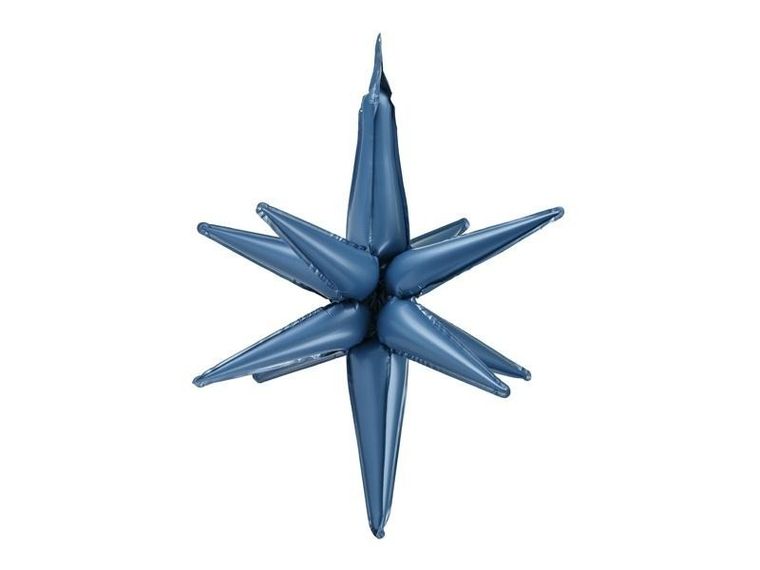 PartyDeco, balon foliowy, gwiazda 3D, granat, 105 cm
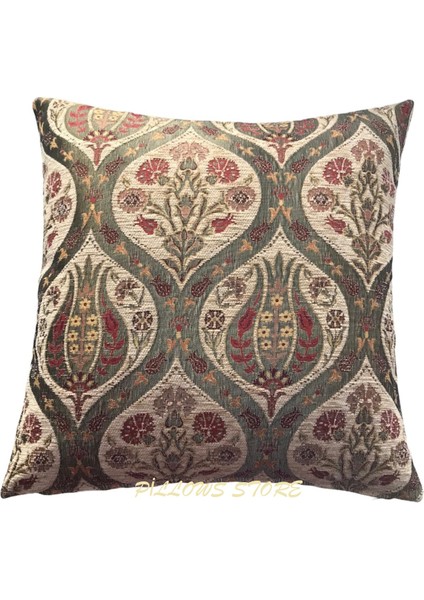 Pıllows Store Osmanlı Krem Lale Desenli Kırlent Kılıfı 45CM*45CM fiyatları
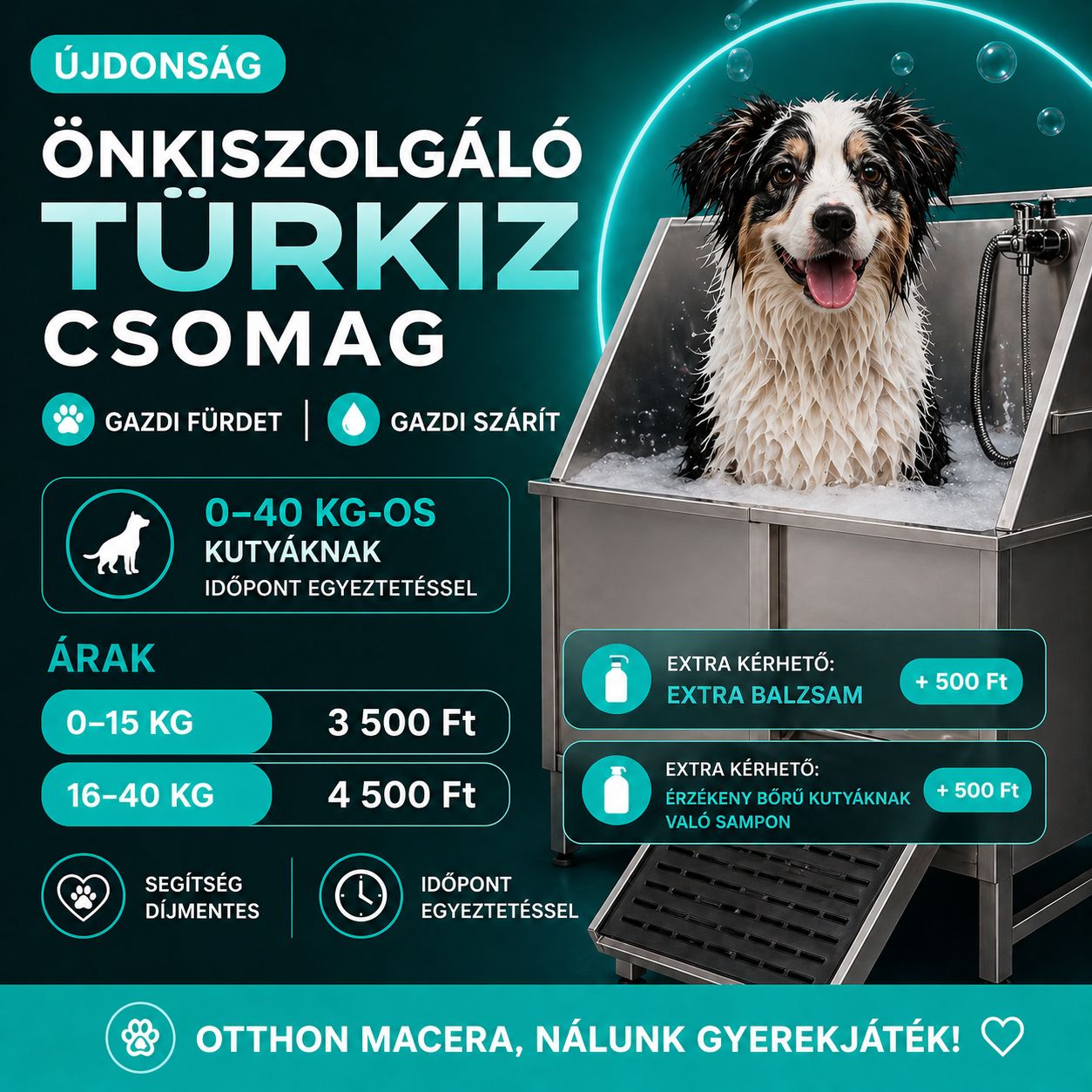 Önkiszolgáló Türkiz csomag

Required action
With the pictures left out, output exactly the lines that begin at the line containing "Pıllows Store Osmanlı" and end at the last line of the material.

Solution for this problem
 Pıllows Store Osmanlı Krem Lale Desenli Kırlent Kılıfı 45CM*45CM fiyatları
 Önkiszolgáló Türkiz csomag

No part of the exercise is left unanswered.